Bugün yürütmekte oldukları mücadeleden daha fazla dayanışmaya ihtiyaçlarının olduğunu dile getiren Oto, "Kadınlar olarak bizler başka bir dünyanın mümkün olabileceği çığlığını omuz omuza atmak durumundayız. Maalesef dünyada eşitsizlik, yoksulluk, şiddet ve savaşlar giderek artmaktadır. Bizler savaşı, yoksulluğu, eşitsizliği, şiddeti arttıran sistemi sorgulamadan ve değiştirmeden kadının insan haklarının ihlalinin ortadan kaldırılamayacağının bilinciyle, insanları yoksulluğa iten, eşitsizliğe, şiddete ve savaşa yol açan bu sömürü düzeninin değişmesi gerektiğinin bilincindeyiz" dedi.

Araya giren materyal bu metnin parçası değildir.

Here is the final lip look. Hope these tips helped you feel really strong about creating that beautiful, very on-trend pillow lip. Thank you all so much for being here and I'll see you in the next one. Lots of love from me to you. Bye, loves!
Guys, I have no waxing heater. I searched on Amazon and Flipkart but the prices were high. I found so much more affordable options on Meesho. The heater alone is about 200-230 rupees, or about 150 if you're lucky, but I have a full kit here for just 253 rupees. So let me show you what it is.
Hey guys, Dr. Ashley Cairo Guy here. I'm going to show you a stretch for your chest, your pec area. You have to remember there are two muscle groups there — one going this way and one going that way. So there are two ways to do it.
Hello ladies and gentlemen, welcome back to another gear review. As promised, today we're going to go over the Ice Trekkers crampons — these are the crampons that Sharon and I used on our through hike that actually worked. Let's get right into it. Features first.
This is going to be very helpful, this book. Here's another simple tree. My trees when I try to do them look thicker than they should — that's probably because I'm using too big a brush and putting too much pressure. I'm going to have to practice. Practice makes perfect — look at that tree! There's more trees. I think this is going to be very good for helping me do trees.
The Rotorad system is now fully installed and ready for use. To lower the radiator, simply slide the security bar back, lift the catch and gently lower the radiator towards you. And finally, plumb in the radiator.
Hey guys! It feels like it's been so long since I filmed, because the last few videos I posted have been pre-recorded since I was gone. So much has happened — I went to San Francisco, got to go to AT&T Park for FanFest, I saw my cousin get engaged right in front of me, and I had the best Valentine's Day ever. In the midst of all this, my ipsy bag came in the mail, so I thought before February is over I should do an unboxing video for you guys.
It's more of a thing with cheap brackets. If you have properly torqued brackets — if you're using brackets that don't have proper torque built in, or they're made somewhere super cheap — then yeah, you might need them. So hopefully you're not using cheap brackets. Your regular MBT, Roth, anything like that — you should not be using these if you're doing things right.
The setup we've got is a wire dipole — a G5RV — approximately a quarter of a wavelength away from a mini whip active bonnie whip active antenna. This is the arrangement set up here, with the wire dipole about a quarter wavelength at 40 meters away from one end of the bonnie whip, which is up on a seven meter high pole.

Uzun mücadeleler sonucunda elde ettikleri kadın hakları kazanımlarından vazgeçme çalışmalarına karşı sessiz kalmayacaklarını dile getiren Memba Kuşçu Oto, "Hak savunucu olarak bizler kadının İnsan Hakları mücadelemizi dünden daha büyük bir inançla ve dayanışmayla sürdürmeye kararlıyız. Bizler, Türkiye Kadın Hukuku Komisyonu ( TÜBAKKOM ) üyeleri olarak, Cumhuriyet Devrimleri sonucunda ve mücadelelerimizle elde edilen kadın hak ve kazanımlarından geriye götürmeye yönelik her türlü zihniyetin, söylemin, girişimin karşısında olacağımızı, kadına karşı ayrımcılığın ortadan kalktığı, kadının eşit ve özgür bir birey olarak var olduğu, kadının insan haklarının ihlal edilmediği, barışın ve özgürlüğün var olduğu bir Türkiye ve Dünya için kadın haklarının teminatı olan Atatürk Devrimlerine ve Laik Cumhuriyeti’mize bağlılıkla, mücadelemizi ve dayanışmamızı sürdüreceğimizi kamuoyuyla saygılarımızla paylaşıyoruz" diye konuştu.